Compare the mighty PDA of today with the first Apple Newton presented by John Sculley more than a decade ago. The Newton and other early such products - IBM's Simon - were too big and unwieldy to be stashed in the vest pocket. Indeed, some were so heavy they weighed down one's briefcase like stones. What's more, the toys certainly did not deliver real-time messages, at least not well. Yet they cost a lot: the Newton MessagePad went for $699; AT&T's EO "personal communicator", which used cellphone-style technology, cost $1,990. Today's products by contrast - wireless, pretty, light, and featuring biometric security - often go for under $500, or even $100.

Not that this is such big news for a country that grew up on Moore's Law. The added value in the NBER study is that it seeks to quantify precisely how much more people are getting for their money than they used to. The authors used as their measure so called "hedonic indices" - the phrase comes from the same root as the word "hedonism". Such indices seek to measure utility and satisfaction.

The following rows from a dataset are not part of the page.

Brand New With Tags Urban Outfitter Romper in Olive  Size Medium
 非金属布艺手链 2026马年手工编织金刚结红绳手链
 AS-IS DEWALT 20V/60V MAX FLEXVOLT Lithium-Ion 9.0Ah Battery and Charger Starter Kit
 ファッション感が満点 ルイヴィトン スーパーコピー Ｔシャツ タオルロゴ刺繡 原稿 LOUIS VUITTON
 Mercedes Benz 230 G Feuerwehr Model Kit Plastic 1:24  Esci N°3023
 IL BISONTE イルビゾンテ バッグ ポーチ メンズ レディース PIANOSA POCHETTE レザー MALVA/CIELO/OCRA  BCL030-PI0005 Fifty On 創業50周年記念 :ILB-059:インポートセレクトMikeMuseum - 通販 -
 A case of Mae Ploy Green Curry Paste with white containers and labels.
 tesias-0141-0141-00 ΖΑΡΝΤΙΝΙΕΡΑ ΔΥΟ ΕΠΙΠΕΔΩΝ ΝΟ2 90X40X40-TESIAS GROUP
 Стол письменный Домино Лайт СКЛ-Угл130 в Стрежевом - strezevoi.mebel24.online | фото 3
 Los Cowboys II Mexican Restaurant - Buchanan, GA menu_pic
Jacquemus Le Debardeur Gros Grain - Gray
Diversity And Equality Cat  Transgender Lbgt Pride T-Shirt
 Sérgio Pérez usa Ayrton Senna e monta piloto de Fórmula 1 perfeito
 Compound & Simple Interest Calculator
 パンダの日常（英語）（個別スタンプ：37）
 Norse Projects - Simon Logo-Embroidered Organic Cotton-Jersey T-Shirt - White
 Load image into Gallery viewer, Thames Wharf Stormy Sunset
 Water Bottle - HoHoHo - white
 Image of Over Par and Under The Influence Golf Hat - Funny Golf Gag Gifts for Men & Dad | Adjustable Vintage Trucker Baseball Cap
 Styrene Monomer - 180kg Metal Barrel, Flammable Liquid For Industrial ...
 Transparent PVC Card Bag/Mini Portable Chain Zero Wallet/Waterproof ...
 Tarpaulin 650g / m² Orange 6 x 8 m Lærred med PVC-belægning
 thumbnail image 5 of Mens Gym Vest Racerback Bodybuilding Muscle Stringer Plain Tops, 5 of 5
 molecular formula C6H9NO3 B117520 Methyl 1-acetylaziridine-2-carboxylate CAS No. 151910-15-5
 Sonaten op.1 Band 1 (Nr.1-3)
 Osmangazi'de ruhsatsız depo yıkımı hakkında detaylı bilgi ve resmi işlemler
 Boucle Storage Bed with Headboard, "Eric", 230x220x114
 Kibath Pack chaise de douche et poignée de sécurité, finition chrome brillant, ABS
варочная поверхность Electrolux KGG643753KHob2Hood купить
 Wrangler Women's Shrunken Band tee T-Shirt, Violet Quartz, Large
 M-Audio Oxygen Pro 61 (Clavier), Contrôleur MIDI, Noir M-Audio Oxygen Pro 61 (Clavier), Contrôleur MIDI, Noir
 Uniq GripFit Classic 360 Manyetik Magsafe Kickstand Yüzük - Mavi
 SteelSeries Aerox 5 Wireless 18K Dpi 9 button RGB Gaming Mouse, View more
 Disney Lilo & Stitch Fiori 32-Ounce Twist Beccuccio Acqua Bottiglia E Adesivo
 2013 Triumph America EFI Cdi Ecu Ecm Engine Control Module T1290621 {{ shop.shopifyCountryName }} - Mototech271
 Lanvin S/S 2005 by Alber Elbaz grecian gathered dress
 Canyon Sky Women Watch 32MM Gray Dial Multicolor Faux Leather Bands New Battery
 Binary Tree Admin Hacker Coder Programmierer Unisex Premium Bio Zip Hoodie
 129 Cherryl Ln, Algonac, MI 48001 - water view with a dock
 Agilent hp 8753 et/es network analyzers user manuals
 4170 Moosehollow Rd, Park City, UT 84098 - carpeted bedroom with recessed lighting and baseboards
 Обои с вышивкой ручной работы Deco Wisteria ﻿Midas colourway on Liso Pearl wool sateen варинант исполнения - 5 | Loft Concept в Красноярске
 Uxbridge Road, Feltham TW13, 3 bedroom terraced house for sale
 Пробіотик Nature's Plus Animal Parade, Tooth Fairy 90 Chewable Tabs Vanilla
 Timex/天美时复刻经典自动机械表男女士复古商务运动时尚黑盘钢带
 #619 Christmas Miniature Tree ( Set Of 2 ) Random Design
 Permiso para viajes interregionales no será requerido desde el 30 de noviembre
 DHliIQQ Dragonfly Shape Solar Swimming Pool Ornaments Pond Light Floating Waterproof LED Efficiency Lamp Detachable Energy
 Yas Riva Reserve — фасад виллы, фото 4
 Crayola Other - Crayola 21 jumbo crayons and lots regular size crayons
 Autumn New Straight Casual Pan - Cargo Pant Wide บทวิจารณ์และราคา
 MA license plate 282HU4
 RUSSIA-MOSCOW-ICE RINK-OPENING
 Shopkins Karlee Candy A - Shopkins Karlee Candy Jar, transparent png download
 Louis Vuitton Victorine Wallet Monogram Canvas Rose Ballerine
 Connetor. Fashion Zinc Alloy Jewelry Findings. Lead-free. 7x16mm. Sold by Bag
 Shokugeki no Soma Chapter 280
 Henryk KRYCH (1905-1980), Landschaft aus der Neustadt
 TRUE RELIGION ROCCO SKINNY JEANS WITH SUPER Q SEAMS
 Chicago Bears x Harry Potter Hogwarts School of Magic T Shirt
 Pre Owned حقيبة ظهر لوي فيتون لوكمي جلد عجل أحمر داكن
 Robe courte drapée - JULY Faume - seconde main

The scholars found that in the years between 1999 and 2004 the same product - in terms of memory, functionality, power - declined in price an average of 21-24 per cent a year. Or, to put the story another way, a PDA that cost you $500 in 1999 would cost you about $135 today. The authors note that the increase in value for dollar has been even more dramatic for laptops and desktops. The whole situation in any case provides department heads with the chance to tell themselves they are spending less even as they spend more.

Some economists would, by the way, argue that this is an impossibility. Back in the 1990s, a variety of pressures drove the Clinton administration to recalibrate its inflation measures using hedonic indices. Sure, a telephone or a car might have a higher price tag than earlier models, government statisticians announced. But whatever nominal increase in price there was for a given class of object, that was more than offset by technological improvements in the newer models. Inflation was therefore less than had been supposed. Since certain benefits are linked to inflation rates, a lower inflation figure meant lower outlays for the government.

The change also reduced citizens' (nominal) tax bill since it altered the tax rate schedule. And, finally, there was the kicker: if inflation was actually lower than it had seemed, that also meant that a greater share of US increases in growth were real. Like magic, the newly adjusted indices made the country seem as if it were growing faster.

Many of us believed the adjustments helped the government to data capture the advances of the high-tech era. But they were also awfully convenient.

This fact was not lost on European economists, some of whom charged and came in for a lot of criticism from non-American inflation hawks.

Which leads us back to the corporate budget and PDAs' alleged efficiency. Should CFOs be like Washington's lawmakers and allow the argument to get through? Or should they block higher outlays? After all, as many users will admit, PDAs may not be quite as efficient as advertised. No one uses every feature. And sometimes the blowhard one attempts to shut out in the meeting is actually conveying useful information.

Still, employees clearly find their PDAs pleasurable. Which brings us to the ultimate management question: to what extent, if any, is pleasure efficient?

Message me when you find out the answer.